Invention Title:

VIDEO SYNTHESIS VIA MULTIMODAL CONDITIONING

Publication number:

US20250330679

Publication date:

2025-10-23

Section:

Electricity

Class:

H04N21/47205

Inventors:

Kyle Olszewski 🇺🇸 Los Angeles, CA, United States

Ligong Han 🇺🇸 Edison, NJ, United States

Sergey Tulyakov 🇺🇸 Santa Monica, CA, United States

Francesco Barbieri 🇺🇸 Marina del Rey, CA, United States

Hsin-Ying Lee 🇺🇸 San Jose, CA, United States

Shervin Minaee 🇺🇸 Bellevue, WA, United States

Jian Ren 🇺🇸 Hermosa Beach, CA, United States

Applicant:

Snap Inc. 🇺🇸 Santa Monica, CA, United States

Smart overview of the Invention

The disclosed technology involves a multimodal video generation framework (MMVID) that utilizes both text and images as inputs, either jointly or separately, to create video content. This approach leverages quantized video representations and a bidirectional transformer that processes multiple modalities to predict discrete video outputs.
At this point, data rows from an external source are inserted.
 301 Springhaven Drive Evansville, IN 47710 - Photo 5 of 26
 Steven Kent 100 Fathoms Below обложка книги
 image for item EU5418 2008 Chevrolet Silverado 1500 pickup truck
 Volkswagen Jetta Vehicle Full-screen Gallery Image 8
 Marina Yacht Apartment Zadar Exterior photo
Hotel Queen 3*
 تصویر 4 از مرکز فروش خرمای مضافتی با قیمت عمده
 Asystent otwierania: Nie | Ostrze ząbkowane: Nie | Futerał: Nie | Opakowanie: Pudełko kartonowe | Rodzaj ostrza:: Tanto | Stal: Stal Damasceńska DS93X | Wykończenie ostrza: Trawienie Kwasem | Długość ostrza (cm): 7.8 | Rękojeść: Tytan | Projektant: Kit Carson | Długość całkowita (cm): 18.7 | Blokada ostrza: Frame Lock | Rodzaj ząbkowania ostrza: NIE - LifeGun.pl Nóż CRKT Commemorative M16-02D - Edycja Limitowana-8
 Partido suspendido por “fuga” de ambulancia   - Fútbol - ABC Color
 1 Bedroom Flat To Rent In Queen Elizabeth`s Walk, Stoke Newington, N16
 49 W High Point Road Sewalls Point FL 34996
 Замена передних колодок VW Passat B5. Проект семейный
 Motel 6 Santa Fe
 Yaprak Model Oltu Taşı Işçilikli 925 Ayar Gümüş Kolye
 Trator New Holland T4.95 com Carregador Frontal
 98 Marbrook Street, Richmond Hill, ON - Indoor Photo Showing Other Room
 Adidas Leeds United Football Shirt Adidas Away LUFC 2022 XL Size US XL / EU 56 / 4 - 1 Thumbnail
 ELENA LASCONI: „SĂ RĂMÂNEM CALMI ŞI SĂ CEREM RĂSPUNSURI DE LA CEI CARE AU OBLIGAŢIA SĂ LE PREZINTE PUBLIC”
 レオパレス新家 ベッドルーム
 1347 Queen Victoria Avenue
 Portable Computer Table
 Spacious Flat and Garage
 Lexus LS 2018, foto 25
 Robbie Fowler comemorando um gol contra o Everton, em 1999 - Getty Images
The framework introduces a novel video token trained through self-learning and employs an advanced mask-prediction algorithm, enhancing video quality and consistency. Additionally, text augmentation is used to bolster the robustness of textual inputs and the diversity of generated videos.

Technical Field

The invention pertains to the field of image and video processing, specifically focusing on video synthesis. Traditional methods in this area generate content from noise, aiming for improved resolutions, renderings, and variability in image content. The MMVID framework addresses more complex challenges by integrating multiple modalities—textual and visual—to control the video generation process.

Background

Conventional conditional video generation techniques often rely on a single input modality, limiting flexibility and output quality. The MMVID framework enhances this by incorporating multiple control signals, such as text prompts and visual inputs, within a unified system. This allows for more dynamic video generation, enabling the creation of diverse outputs based on varying textual instructions and visual inputs.

Framework Details

The MMVID framework operates through a two-stage image generation process using discrete feature representations. Initially, an autoencoder quantizes image data to form a foundational representation. Subsequently, model training employs a BERT module to establish correlations between multimodal controls—textual and visual—and the learned video representations. This training involves tasks like Masked Sequence Modeling (MSM), relevance estimation (REL), and video consistency estimation (VID) to ensure the generated videos are coherent with input signals and temporally consistent.

Applications and Benefits

The MMVID framework's ability to integrate diverse input modalities offers significant advantages in generating varied and contextually appropriate videos. It supports applications ranging from creative media production to automated content creation, where different visual elements can be dynamically synthesized based on textual prompts. Experiments conducted on multiple datasets demonstrate the framework's efficacy, including the newly introduced Multimodal VoxCeleb dataset with extensive facial attribute annotations.